I have recently taken interest in zero trust networks and managed to find this project.
I'm trying to achieve a network that is not bound by it's physical structure:
Let's say I have a VPS somewhere in a data center. I want to make it (it or some service running on it) available to a host in my local home network. Is it possible to connect these hosts through on of tools provided by OpenZiti?
Network and communications between its hosts should be controlled and authorized by central node:
A host placed somewhere in a network controls the whole network, authenticates new hosts, authorizes requests, enforces policies and notifies network administrators if anomalies happen.

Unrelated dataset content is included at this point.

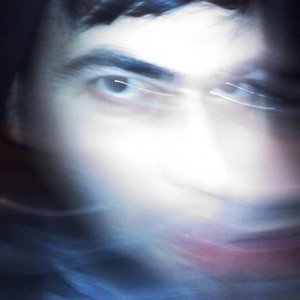 Avatar di Creepy Pizza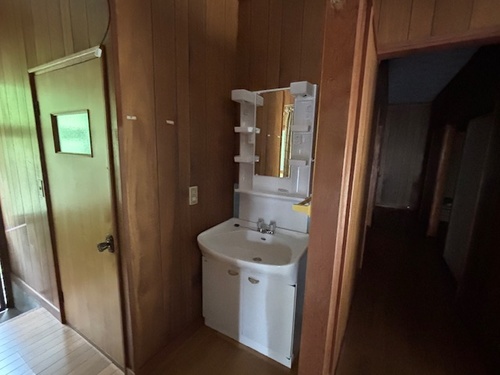 detached 川本町川内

Network should support legacy devices:
Devices that doesn't run an advanced operating system such as Windows or GNU/Linux should be allowed to operate in a network. Examples include: Printers, ESP32, Cheap IP Cameras
Other features include:
Transport layer encryption -> Data should be encrypted when leaving the device
Support for Private PKI
Is OpenZiti in scope of this use case and requirements? Are there examples of running a zero trust - openziti based home network?
Hi @Zduniusz, welcome to the community and to OpenZiti!
Perfect!
Very much. There are copious videos on the youtube channel doing this and plenty of forum posts for this. This is basically "OpenZiti 101" - accessing a service from 'anywhere' that isn't exposed to the Internet is often the first thing you should do. You learn a lot of the concepts when you do that.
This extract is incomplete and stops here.